Au cours de la décennie précédant l’avènement du rock, son fils bâtard, le blues, pétait encore des flammes. A partir de 1940, et durant quinze années, de la Californie à Kansas City, des chanteurs énergiques et chaleureux maintinrent haute la tradition vocale issue des beuglants de la prohibition et autres lieux de plaisir. Pour séduire le public le plus large possible, il convenait qu’un chant (soit le sucre des crooners, soit la sueur du blues) se fraie son chemin en devant de scène. L’évocation historique offerte ici fige dans l’histoire l’instant attendrissant où les Noirs américains parviennent à une relative aisance économique, où des vocalistes se démènent toutes cordes vocales dehors, poussés au cul par de joviales sections de cuivres et où, pour séduire le chaland, le jazz se fait parfois appeler rhythm’n’blues. Dans à peine plus d’une décennie, le rock’n’roll blanc renverra aux marchés ethniques beaucoup d’étoiles filantes de la sueur et du rythme. Mais les meilleurs (avec, en tête, le boss of the blues, ce Big Joe Turner dont l’organe, disait-on, pouvait franchir impunément plusieurs blocs) furent assez puissants pour survivre.
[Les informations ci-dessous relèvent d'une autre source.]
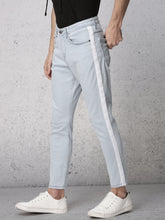 Load image into Gallery viewer, Men Blue Slim Fit Mid-Rise Clean Look Stretchable Ankle Length Jeans
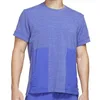 Image de NIKE T-Shirt Violet Homme Yoga Violet S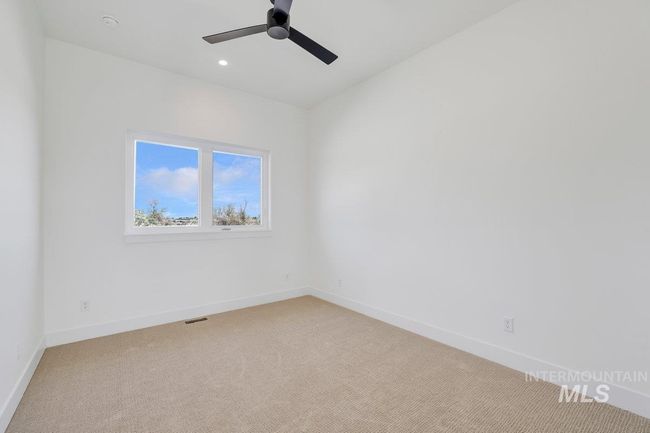 2282 E 4400 N, House other with 4 bedrooms, 4 bathrooms and 3 parking in Filer ID | Image 32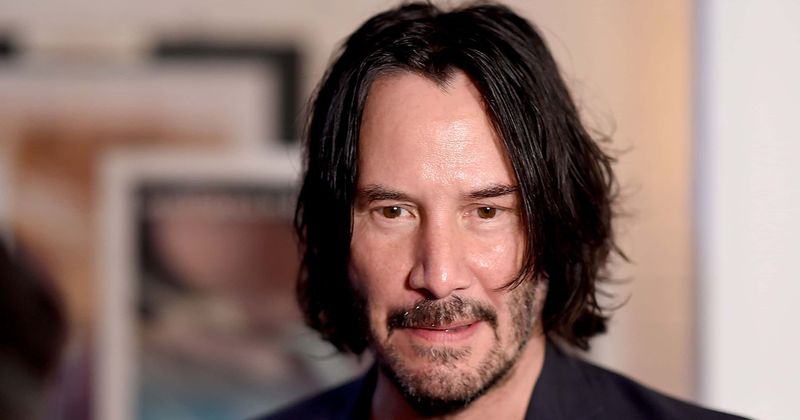 Keanu Reeves berates fans camping outside his West Hollywood house: 'You feel like an animal in a cage'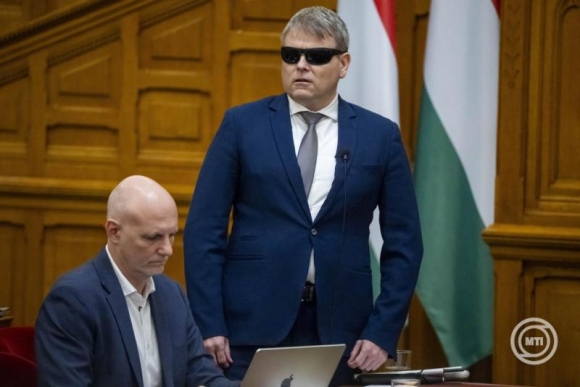 Kátai-Németh Vilmos szociális és családügyi miniszter interpellációra válaszol az Országgyűlés rendkívüli ülésén 2026. augusztus 27-én. (Fotó: MTI/Balogh Zoltán)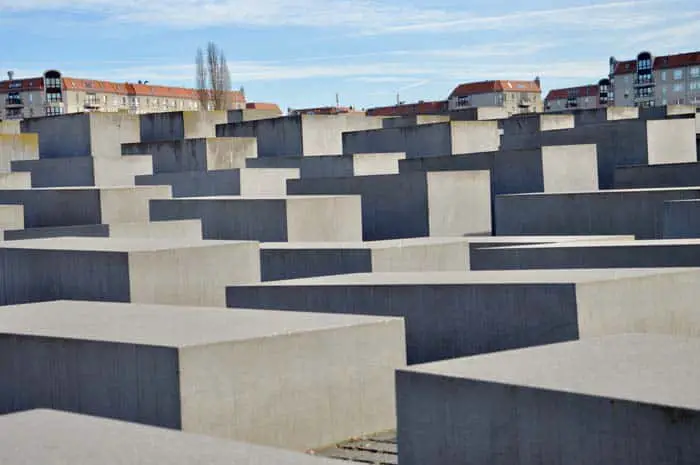 Memoriale per gli ebrei assassinati d'Europa blocchi di cemento di altezze diverse
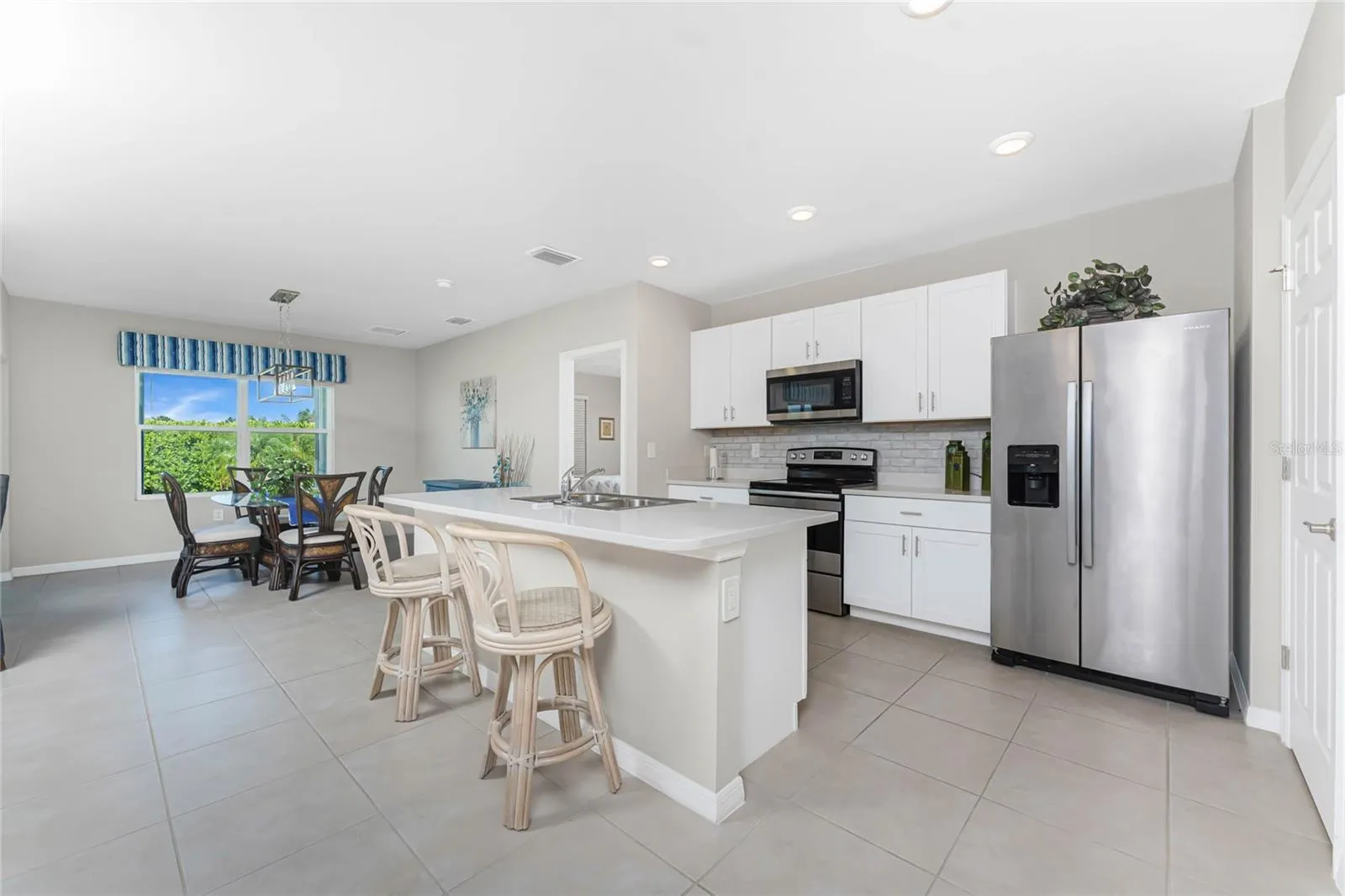 4075 MANATEE LN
Donc, on peut cesser quelques secondes de claquer des doigts, pour : entendre Jimmy Rushing sublimer Everyday I Have the Blues, soutenu par la section rythmique de Count Baisie (dont Freddie Green, maître guitariste qui jamais ne prit de solo) ; surveiller du coin de l’œil le crâne chauve d’Eddie « Cleanhead » Vinson, pleurant le vol de son lit en cuivre (et de la petite amie qui se trouvait dedans !) ; s’incliner devant la star du lot, un Louis Jordan déjà symbole du futur du rock’n’roll ; apprécier la mise en paroles du standard instrumental Night Train par Wynonie Harris, étincelant séducteur qui aura beaucoup chanté, et encore davantage dépensé ses cachets aux côtés des souris de nuit ; et faire les comptes… Quatorze artistes, quarante chansons, et un éternel retour vers notre gros préféré, Joe Turner qui, dans un Shake Rattle and Roll éruptif, explique benoîtement d’où nous venons tous.